Chin came at him with a large wooden Zen rake, screaming. It was a Karate-type yell that came from deep inside. The yell itself was birthed in her youth, by her father's instruction, but the passion behind it came from something more imminent, however detached. 

Mike1819 almost fell over and out of his pants, and would've pissed himself if he hadn't already taken care of that, but the rake was on its way. He grabbed his pants, she went for his head.

With a thwack he went down, like a sack of hams, and was totally stunned, as if he were in church and a SWAT team had suddenly stormed mass. She thwacked him repeatedly, and yelled something he couldn't understand. After a second or two of the beatings, he began to apologize and try and talk her down, but nothing seemed to work.

Mike1819 got to his feet, and stumbled back onto the Zen pebbles -which pained him to do so and only exacerbated the woman. He tried to walk off the rocks, like the padawan on rice paper, trying not to break it. He failed. The woman kept screaming, and it was unintelligible, but he had a moment of clarity and recognized the part of the fence where he had jumped over, and he went back for it. She got another thwack in, which didn't hurt him, but when he got to the other side of the fence, down on all fours beneath the pine trees and very near the puddle of urine he'd made only moments earlier, he was certain she'd be phoning the police, so he started running.
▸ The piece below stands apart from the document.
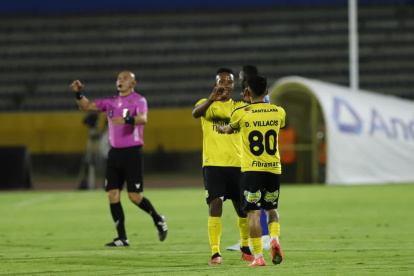 Darío Villacís del Miguel Iturralde festejando el gol ante Emelec en Copa Ecuador.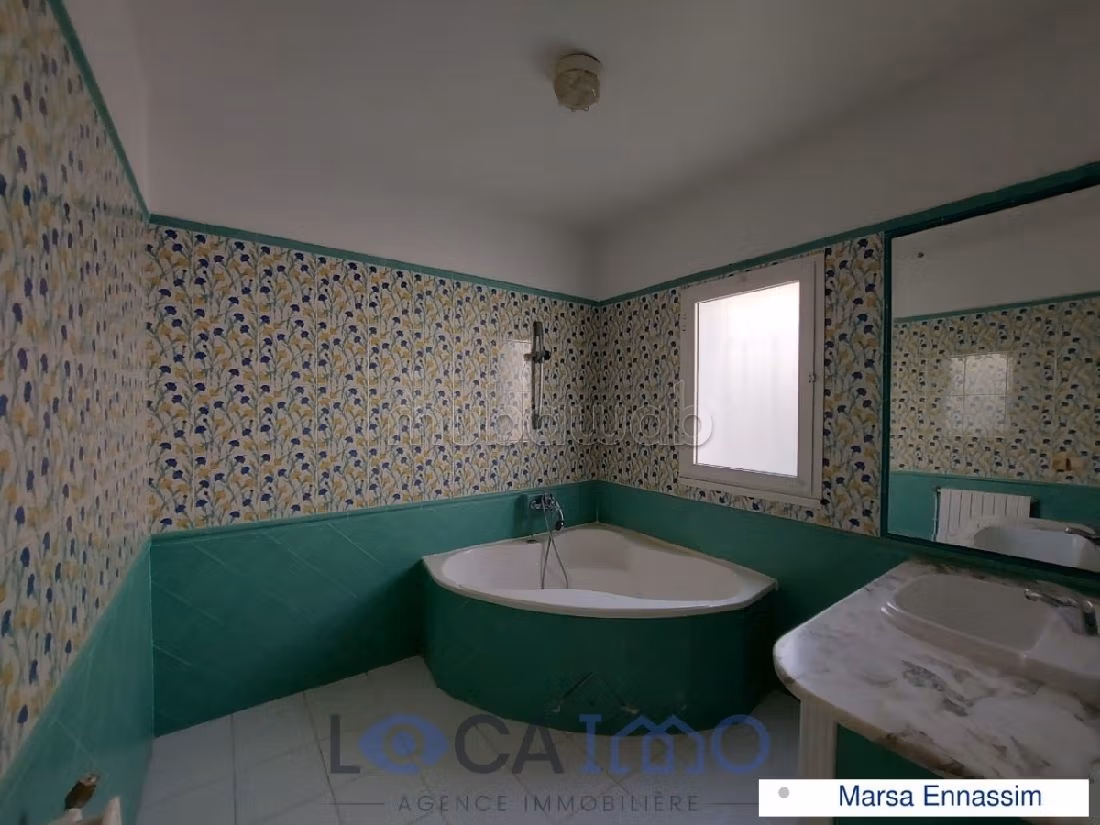 A louer une villa en S4 avec piscine à la Marsa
A few blocks into it, huffing and sweating like never before, he remembered where he was, and he took a turn and made his way home, not wanting any more trouble.

Chin did not call the police. She stopped. Found it in herself to be calm, having seen the fear in the man's face. Clearly he was not a threat. She told herself not to be angry. She told herself to look at the stones. She saw the pebbles. The broken lines. She told herself to rake them.

And then she went back to work at the donut shop, with the teenagers who drove her nuts.

Mike, meanwhile, sat on his torn couch, with the curtains drawn. For once, he didn't feel like having a beer. He wasn't sure what he felt, but he knew one thing for certain.

He just had to get back to that garden.